[Records drawn from a dataset]
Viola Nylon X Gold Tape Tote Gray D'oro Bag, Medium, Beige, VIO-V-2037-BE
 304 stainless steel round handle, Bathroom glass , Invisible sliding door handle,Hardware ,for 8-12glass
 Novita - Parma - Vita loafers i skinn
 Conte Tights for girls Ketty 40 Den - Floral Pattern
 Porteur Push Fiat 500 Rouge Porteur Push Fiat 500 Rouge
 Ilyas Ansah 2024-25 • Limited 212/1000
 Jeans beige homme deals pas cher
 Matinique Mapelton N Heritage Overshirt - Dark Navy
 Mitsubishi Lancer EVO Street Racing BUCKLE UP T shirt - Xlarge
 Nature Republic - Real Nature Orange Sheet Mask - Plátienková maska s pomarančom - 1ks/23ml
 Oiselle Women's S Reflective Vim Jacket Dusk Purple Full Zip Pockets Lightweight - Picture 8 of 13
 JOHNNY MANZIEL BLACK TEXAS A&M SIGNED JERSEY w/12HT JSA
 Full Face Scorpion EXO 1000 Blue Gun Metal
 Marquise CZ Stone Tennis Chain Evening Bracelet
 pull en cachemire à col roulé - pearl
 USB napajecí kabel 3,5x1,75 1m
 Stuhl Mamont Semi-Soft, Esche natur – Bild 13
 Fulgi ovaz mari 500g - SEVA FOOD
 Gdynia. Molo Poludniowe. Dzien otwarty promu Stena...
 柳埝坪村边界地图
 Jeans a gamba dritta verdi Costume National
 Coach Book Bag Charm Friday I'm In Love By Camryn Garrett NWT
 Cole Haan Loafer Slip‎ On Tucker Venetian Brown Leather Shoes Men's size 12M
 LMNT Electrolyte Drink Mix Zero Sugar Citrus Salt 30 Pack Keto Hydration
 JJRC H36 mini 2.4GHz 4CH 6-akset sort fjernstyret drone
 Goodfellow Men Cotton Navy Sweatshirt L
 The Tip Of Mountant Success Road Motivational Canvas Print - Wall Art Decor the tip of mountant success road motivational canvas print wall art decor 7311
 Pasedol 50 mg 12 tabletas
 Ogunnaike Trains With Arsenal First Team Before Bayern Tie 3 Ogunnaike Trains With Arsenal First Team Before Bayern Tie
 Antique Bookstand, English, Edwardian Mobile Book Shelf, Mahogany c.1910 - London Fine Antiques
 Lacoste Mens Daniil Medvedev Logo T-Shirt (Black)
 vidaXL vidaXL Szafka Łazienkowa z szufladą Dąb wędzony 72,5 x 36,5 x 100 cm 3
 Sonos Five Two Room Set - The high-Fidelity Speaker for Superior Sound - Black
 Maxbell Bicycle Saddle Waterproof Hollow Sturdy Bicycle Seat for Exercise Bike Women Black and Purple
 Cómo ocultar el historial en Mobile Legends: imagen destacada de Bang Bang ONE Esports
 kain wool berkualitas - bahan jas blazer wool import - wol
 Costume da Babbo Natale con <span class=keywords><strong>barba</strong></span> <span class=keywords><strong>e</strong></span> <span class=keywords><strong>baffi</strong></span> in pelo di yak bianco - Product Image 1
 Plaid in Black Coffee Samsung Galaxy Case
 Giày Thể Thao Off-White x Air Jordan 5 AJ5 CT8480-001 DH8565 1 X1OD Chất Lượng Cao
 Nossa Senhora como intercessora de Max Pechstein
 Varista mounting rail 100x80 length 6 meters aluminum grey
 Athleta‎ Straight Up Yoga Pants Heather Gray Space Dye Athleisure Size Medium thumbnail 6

Aim of the exercise: Could you reproduce every record above exactly as it appears?

Written solution:
Viola Nylon X Gold Tape Tote Gray D'oro Bag, Medium, Beige, VIO-V-2037-BE
 304 stainless steel round handle, Bathroom glass , Invisible sliding door handle,Hardware ,for 8-12glass
 Novita - Parma - Vita loafers i skinn
 Conte Tights for girls Ketty 40 Den - Floral Pattern
 Porteur Push Fiat 500 Rouge Porteur Push Fiat 500 Rouge
 Ilyas Ansah 2024-25 • Limited 212/1000
 Jeans beige homme deals pas cher
 Matinique Mapelton N Heritage Overshirt - Dark Navy
 Mitsubishi Lancer EVO Street Racing BUCKLE UP T shirt - Xlarge
 Nature Republic - Real Nature Orange Sheet Mask - Plátienková maska s pomarančom - 1ks/23ml
 Oiselle Women's S Reflective Vim Jacket Dusk Purple Full Zip Pockets Lightweight - Picture 8 of 13
 JOHNNY MANZIEL BLACK TEXAS A&M SIGNED JERSEY w/12HT JSA
 Full Face Scorpion EXO 1000 Blue Gun Metal
 Marquise CZ Stone Tennis Chain Evening Bracelet
 pull en cachemire à col roulé - pearl
 USB napajecí kabel 3,5x1,75 1m
 Stuhl Mamont Semi-Soft, Esche natur – Bild 13
 Fulgi ovaz mari 500g - SEVA FOOD
 Gdynia. Molo Poludniowe. Dzien otwarty promu Stena...
 柳埝坪村边界地图
 Jeans a gamba dritta verdi Costume National
 Coach Book Bag Charm Friday I'm In Love By Camryn Garrett NWT
 Cole Haan Loafer Slip‎ On Tucker Venetian Brown Leather Shoes Men's size 12M
 LMNT Electrolyte Drink Mix Zero Sugar Citrus Salt 30 Pack Keto Hydration
 JJRC H36 mini 2.4GHz 4CH 6-akset sort fjernstyret drone
 Goodfellow Men Cotton Navy Sweatshirt L
 The Tip Of Mountant Success Road Motivational Canvas Print - Wall Art Decor the tip of mountant success road motivational canvas print wall art decor 7311
 Pasedol 50 mg 12 tabletas
 Ogunnaike Trains With Arsenal First Team Before Bayern Tie 3 Ogunnaike Trains With Arsenal First Team Before Bayern Tie
 Antique Bookstand, English, Edwardian Mobile Book Shelf, Mahogany c.1910 - London Fine Antiques
 Lacoste Mens Daniil Medvedev Logo T-Shirt (Black)
 vidaXL vidaXL Szafka Łazienkowa z szufladą Dąb wędzony 72,5 x 36,5 x 100 cm 3
 Sonos Five Two Room Set - The high-Fidelity Speaker for Superior Sound - Black
 Maxbell Bicycle Saddle Waterproof Hollow Sturdy Bicycle Seat for Exercise Bike Women Black and Purple
 Cómo ocultar el historial en Mobile Legends: imagen destacada de Bang Bang ONE Esports
 kain wool berkualitas - bahan jas blazer wool import - wol
 Costume da Babbo Natale con <span class=keywords><strong>barba</strong></span> <span class=keywords><strong>e</strong></span> <span class=keywords><strong>baffi</strong></span> in pelo di yak bianco - Product Image 1
 Plaid in Black Coffee Samsung Galaxy Case
 Giày Thể Thao Off-White x Air Jordan 5 AJ5 CT8480-001 DH8565 1 X1OD Chất Lượng Cao
 Nossa Senhora como intercessora de Max Pechstein
 Varista mounting rail 100x80 length 6 meters aluminum grey
 Athleta‎ Straight Up Yoga Pants Heather Gray Space Dye Athleisure Size Medium thumbnail 6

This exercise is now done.